→ THE DATA
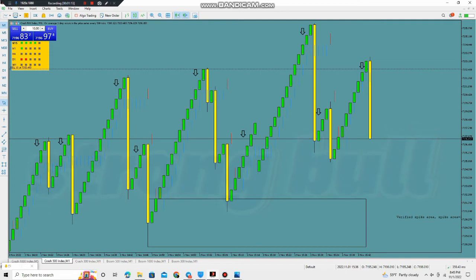Look at that — a big, powerful spike. With 10 standard lots we made awesome profit. This is the power of the system I was telling you about.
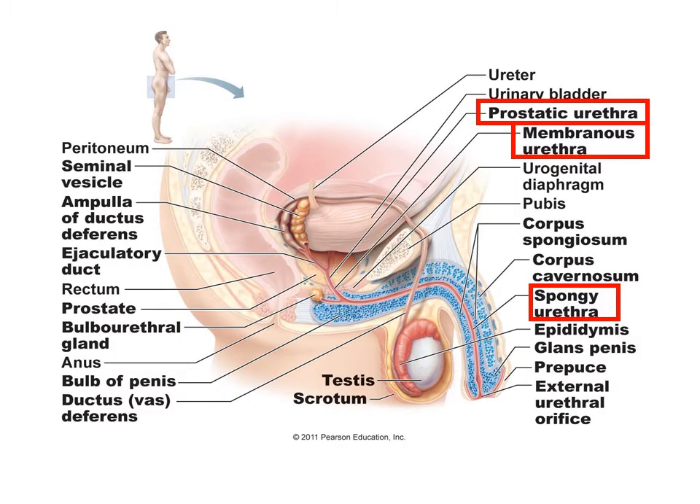The prostatic urethra is formed after the ejaculatory duct has combined with it, so it carries the semen — the sperm with the associated nutrient fluids. The urethra from the bladder joins at this point as well.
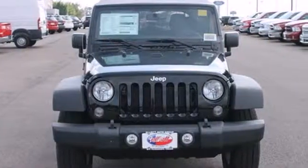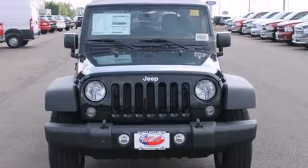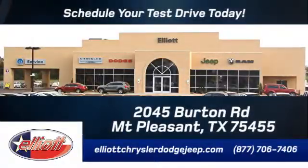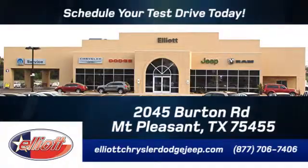Go forth and explore with this Jeep today. Elliott Chrysler Dodge Jeep — schedule your test drive today. We are located just off I-30 on Burton Road in Mount Pleasant.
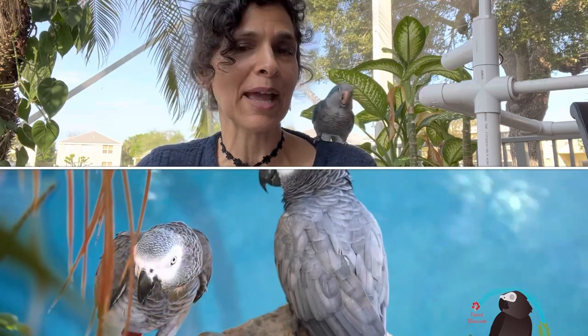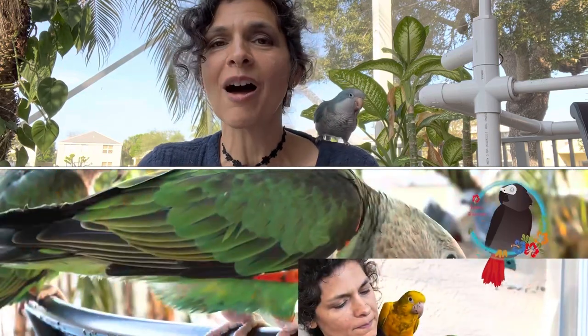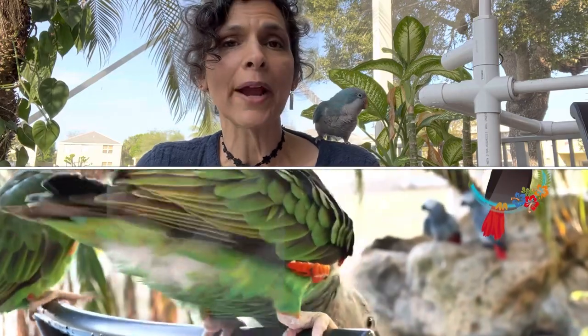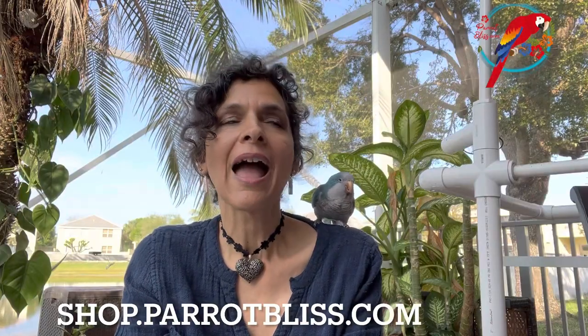Hey guys, I'm Kaylin, the author of The Parrot Bliss Bond and the new book Get to Know African Grey and Cape Parrots, both available on Amazon. If you're here to get inspired, get a good idea of what getting a pet bird in the U.S. costs, and maybe what their maintenance will probably cost, then you're in the right place. Hopefully that'll help you get a great setup, minimizing your need to rehome or surrender your parrot to a rescue.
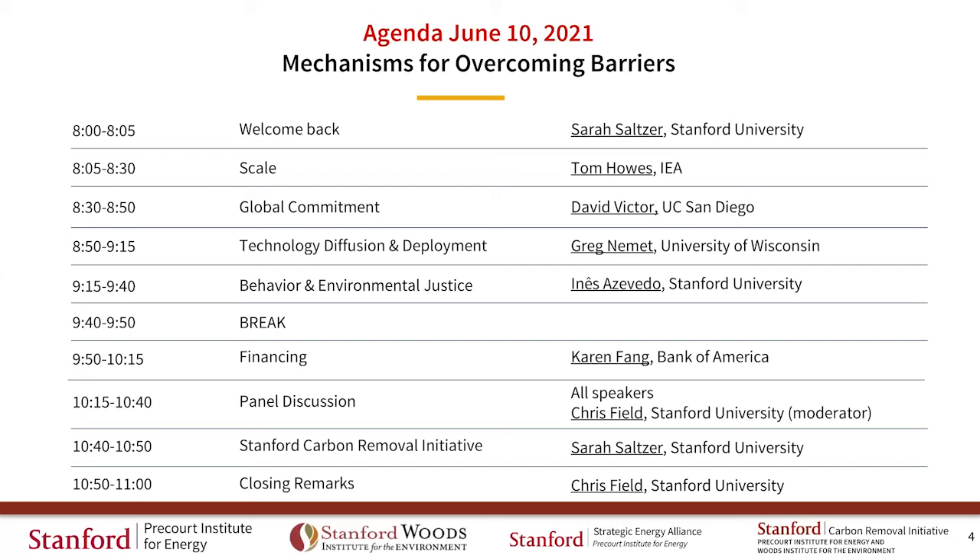To kick things off, I'd like to introduce our first speaker, Tom Howes, who will be speaking on the topic of scale. Tom is head of the Energy and Environment Division at the International Energy Agency, and the title of his talk is CCUS in the Clean Energy Transition.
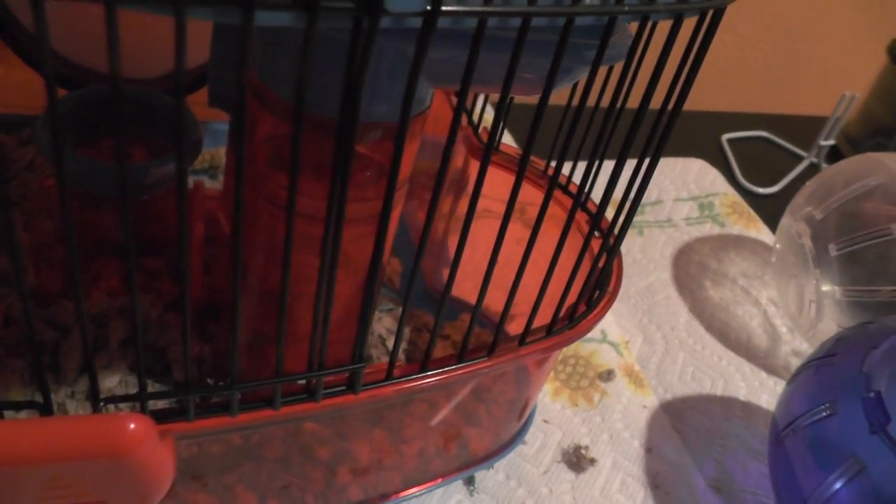Both hamsters have now found ways to get up — as you can see, Cinnamon is trying to climb right now. Now she's giving up; she tries and she gives up. She'll get up there later. Cinnamon has been on the top just like Raisin, so Raisin immediately went up there to get the fresh veggies.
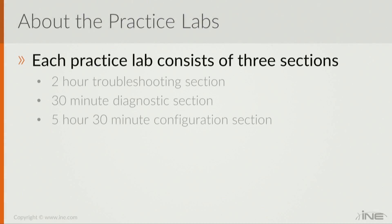Now specifically, each of the scenarios consists of three sections. Just like the actual CCIE Routing and Switching Lab Exam, they are two-hour troubleshooting, 30 minutes of diagnostics, and then five and a half hours of configuration.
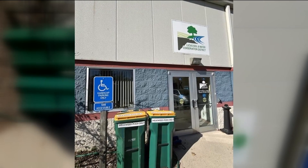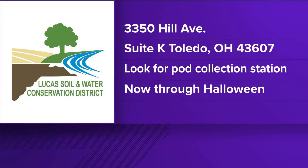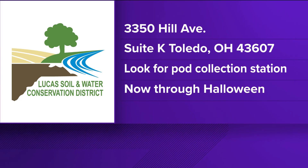We're located off of Hill Avenue in Toledo. The address is 3350 — if you're familiar with where Lot Industries is, we're in one corner of that building. The drop-off and collection runs through the month of October, so the deadline is the 31st. People have a few more days to bring pods to our office, and then the Ohio Department of Natural Resources will come pick them up to get them separated.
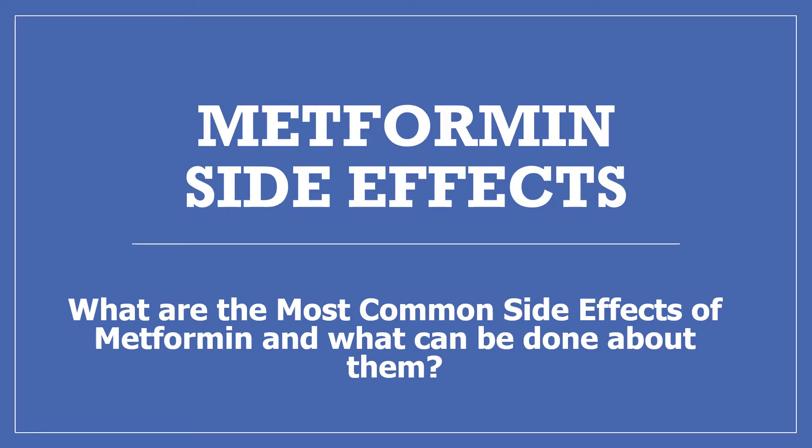Hi, I'm Amanda and I'm a pharmacist. I'd like to share some information with you today about metformin side effects. What are the most common side effects of metformin and what can be done about them?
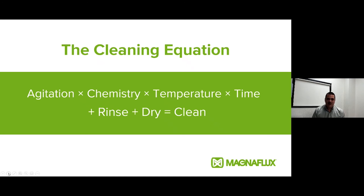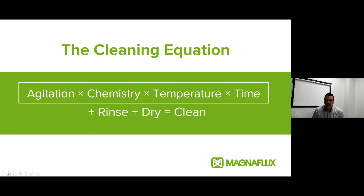That brings us back to the cleaning equation. Again, these first four parameters — agitation, chemistry, temperature, and time — can all be adjusted to optimize our cleaning application. If we're trying to go fast, we can increase agitation, use stronger chemistry and concentrations, and higher temperatures. If we have delicate alloys, we may take more time so we can operate at lower temperatures with gentler cleaners and less agitation.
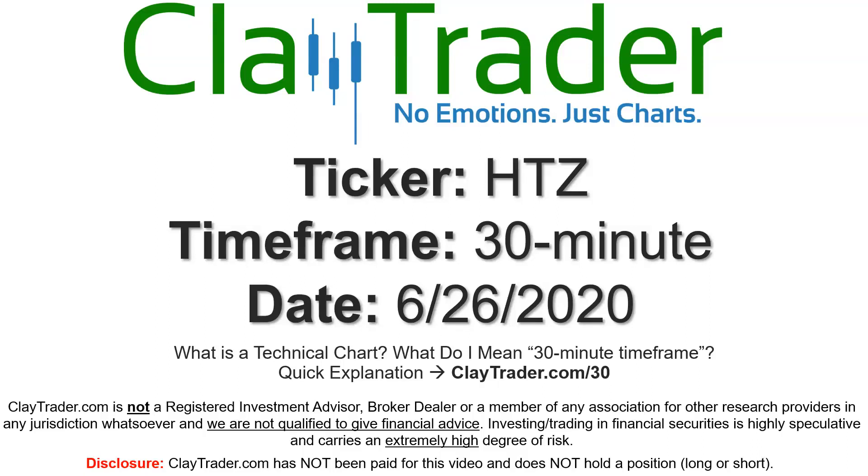Hey, it's Clay, and this will be a video chart on ticker symbol HTZ. We will take a look at the 30 minute timeframe. If you're not sure what I mean by 30 minute, I do offer an explanation video at that link.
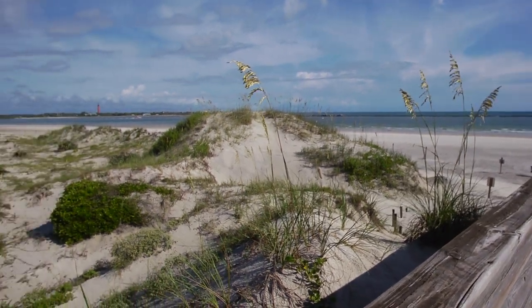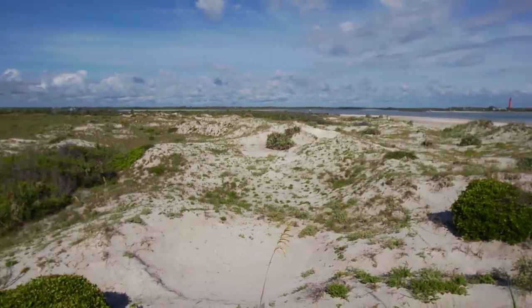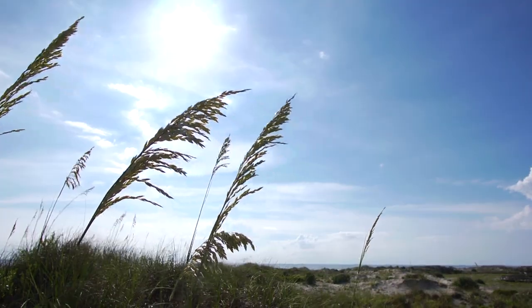The pristine dunes that kind of roll around this point here are really spectacular. You can see the lighthouse from here. You'll see cactus, sea oats, and some native wildflowers.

→ TRY IT
All pictures are to be skipped; the lines from the first line of the records through the line containing "Now specifically, each" are to be repeated exactly, both ends included.

→ SOLUTION FOR THIS EXERCISE
Look at that — a big, powerful spike. With 10 standard lots we made awesome profit. This is the power of the system I was telling you about.
The prostatic urethra is formed after the ejaculatory duct has combined with it, so it carries the semen — the sperm with the associated nutrient fluids. The urethra from the bladder joins at this point as well.
Go forth and explore with this Jeep today. Elliott Chrysler Dodge Jeep — schedule your test drive today. We are located just off I-30 on Burton Road in Mount Pleasant.
Hey guys, I'm Kaylin, the author of The Parrot Bliss Bond and the new book Get to Know African Grey and Cape Parrots, both available on Amazon. If you're here to get inspired, get a good idea of what getting a pet bird in the U.S. costs, and maybe what their maintenance will probably cost, then you're in the right place. Hopefully that'll help you get a great setup, minimizing your need to rehome or surrender your parrot to a rescue.
To kick things off, I'd like to introduce our first speaker, Tom Howes, who will be speaking on the topic of scale. Tom is head of the Energy and Environment Division at the International Energy Agency, and the title of his talk is CCUS in the Clean Energy Transition.
Both hamsters have now found ways to get up — as you can see, Cinnamon is trying to climb right now. Now she's giving up; she tries and she gives up. She'll get up there later. Cinnamon has been on the top just like Raisin, so Raisin immediately went up there to get the fresh veggies.
Now specifically, each of the scenarios consists of three sections. Just like the actual CCIE Routing and Switching Lab Exam, they are two-hour troubleshooting, 30 minutes of diagnostics, and then five and a half hours of configuration.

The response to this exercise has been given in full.